▼▼▼

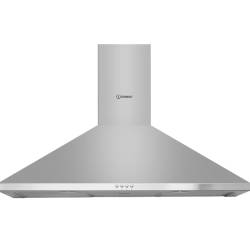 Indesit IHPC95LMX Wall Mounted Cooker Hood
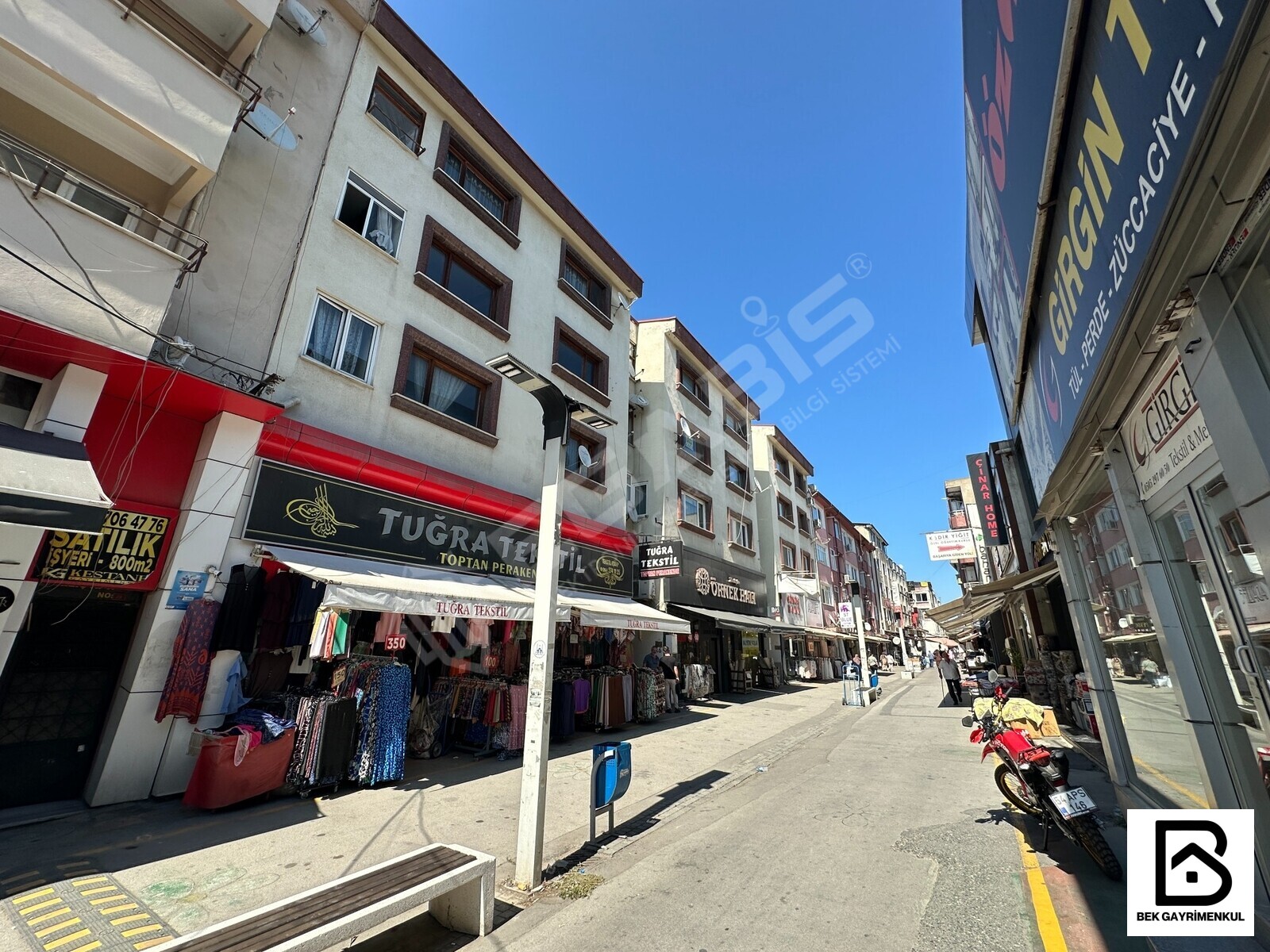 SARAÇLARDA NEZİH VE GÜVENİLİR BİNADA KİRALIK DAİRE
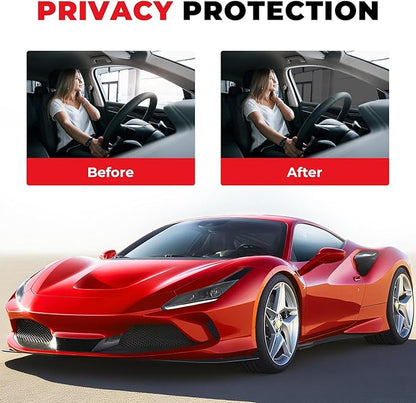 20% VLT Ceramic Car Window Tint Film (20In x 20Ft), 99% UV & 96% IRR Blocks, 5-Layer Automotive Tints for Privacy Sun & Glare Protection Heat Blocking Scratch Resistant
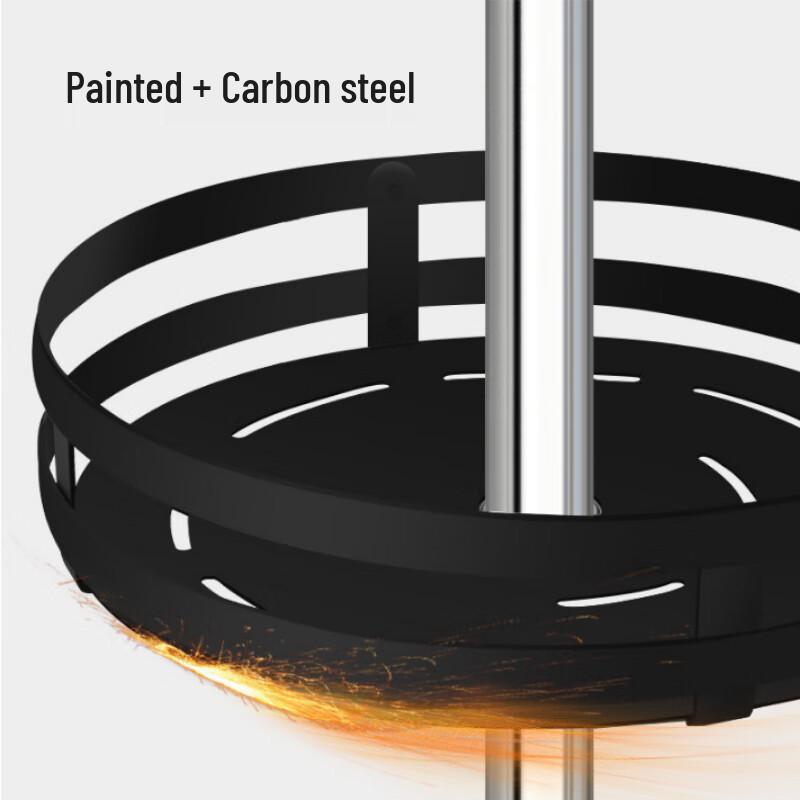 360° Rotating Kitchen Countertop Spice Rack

▲▲▲

Reproduce the material exactly; omit the pictures.

→ **Response area**:
 Indesit IHPC95LMX Wall Mounted Cooker Hood
 SARAÇLARDA NEZİH VE GÜVENİLİR BİNADA KİRALIK DAİRE
 20% VLT Ceramic Car Window Tint Film (20In x 20Ft), 99% UV & 96% IRR Blocks, 5-Layer Automotive Tints for Privacy Sun & Glare Protection Heat Blocking Scratch Resistant
 360° Rotating Kitchen Countertop Spice Rack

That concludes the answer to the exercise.